More Complaints about the Mortgage Bailout

A story on is backing up the points I was trying to make yesterday about the problems with the mortgage bailout.

Don't have a job?

Struggling to keep up with payments on a home worth less than half the mortgage?

Owe way more than your home's value, but can still afford the payments?

Sorry, but you likely aren't among the 9 million people who may get help under President Obama's $75 billion foreclosure prevention program.

The article went on to tell the story of a homeowner who is facing a similar situation to mine and thousands of others here in Vegas and in the Southwest in general.

Take Joe Martinez of Bristow, Va., who fits the profile of the "responsible" homeowner Obama cited in the plan. The government contractor and his wife thought they did everything right when they bought their brand new $600,000 house two years ago. They put 5% down and got a 30-year fixed-rate mortgage they could afford.

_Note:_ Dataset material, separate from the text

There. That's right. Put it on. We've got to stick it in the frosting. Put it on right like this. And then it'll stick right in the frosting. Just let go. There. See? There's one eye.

Others in their neighborhood, however, couldn't keep up with the payments. As foreclosure rose, the value of the couple's home plummeted to $450,000, leaving them doubtful they'd ever recover their investment.

Martinez called their lender to try to get into the Hope for Homeowners program, which would reduce their loan balance to 90% of the home's current value. But they were turned down because they weren't in default.

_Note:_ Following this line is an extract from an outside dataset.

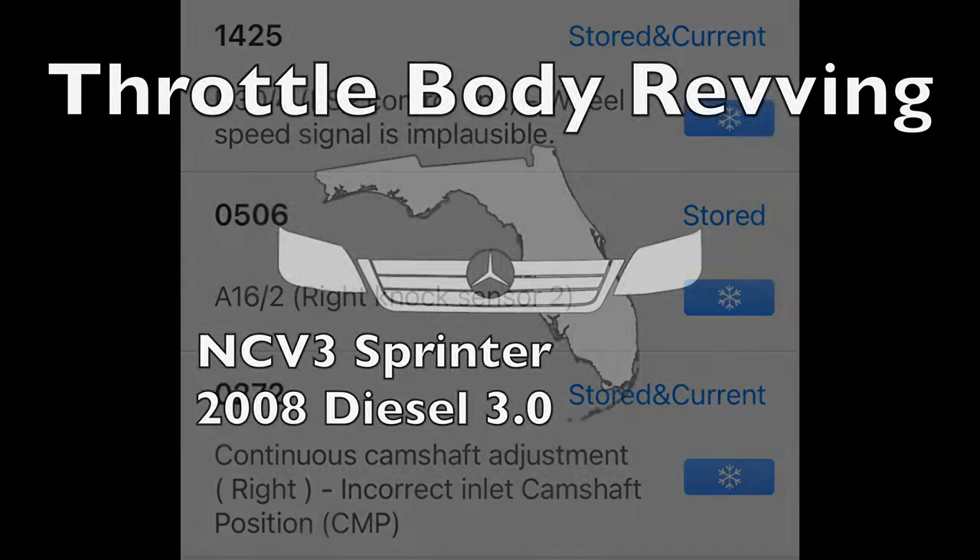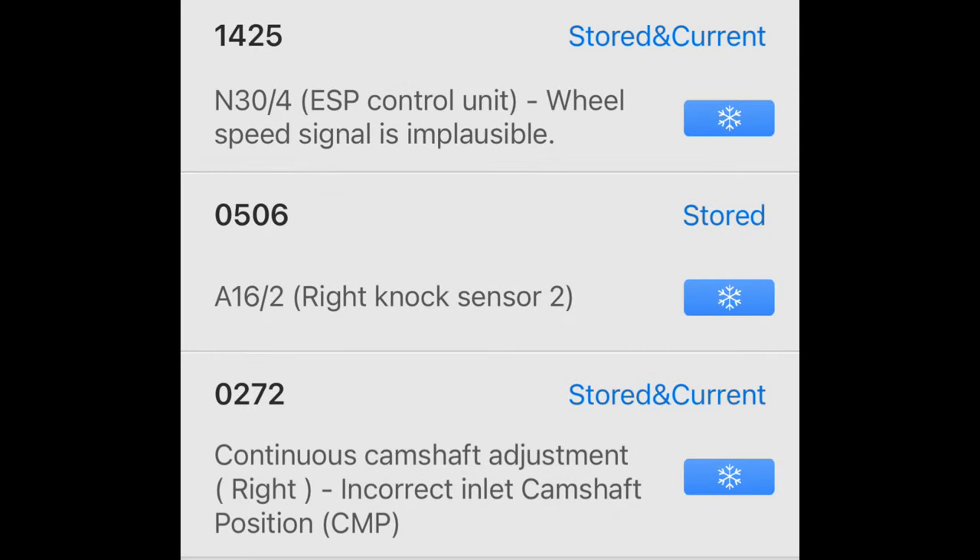Normally we only play with T1N Sprinters, but this NCV-3 needed help and this is what it sounded like.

So two months ago, the couple stopped paying their mortgage, hoping they could then qualify. But even if they don't, they are willing to take the hit on their credit scores to stop throwing money down the drain.

"There's just no point to stay here," said Martinez, 29, adding he could rent the house across the street for half his monthly mortgage payment. "We don't want to give up our home, but it's never going to come back."

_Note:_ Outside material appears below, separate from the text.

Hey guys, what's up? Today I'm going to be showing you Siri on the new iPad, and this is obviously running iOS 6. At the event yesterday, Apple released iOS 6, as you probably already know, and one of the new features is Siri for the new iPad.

Martinez isn't interested in having his interest rate lowered. He would like to see some of his principal forgiven.

"Why would it be such a big deal for them to modify my loan?" he said, noting that his tax dollars are being used to finance the program. "Wouldn't that stabilize the economy?"

Is it time for we the people to all just stop paying our mortgages and walk away from our houses? The banks have already received our money in the form of taxpayer funded bailouts.

"Cutting principal is really what's needed to contain foreclosures," said Christian Menegatti, lead analyst for economic research firm RGE Monitor.
The next wave of mortgages may very well be instigated by those of us who are under water on our mortgages and just don't have any hope of ever getting back on the plus side. Nothing in the current mortgage bailout will do anything to solve the problem. We've been abandoned by our government after stealing our money to save irresponsible lenders.

Some experts, however, say Martinez is the exception. Those who can make their payments aren't likely to walk away because still need a roof over their head, said Howard Glaser, a mortgage industry consultant.

"Homeowners aren't day traders in their homes," he said. "The investment value is not an issue."

Really? Homeowners don't care about the value of their homes? Really?!!! We're the exception to the rule?!! REALLY?!!! That's exactly the kind of thinking that disappoints me most about this administration.

Questioning Politics

1 comment:

Sarah Kay said...

WOW, that pretty much says it all doesn't it? I am glad to see someone like CNN Money pick up such a loophole and expose it. I am not sure what that will do in the end, but it's nice knowing that we aren't sitting around wondering if we are crazy for thinking there is no hope for us.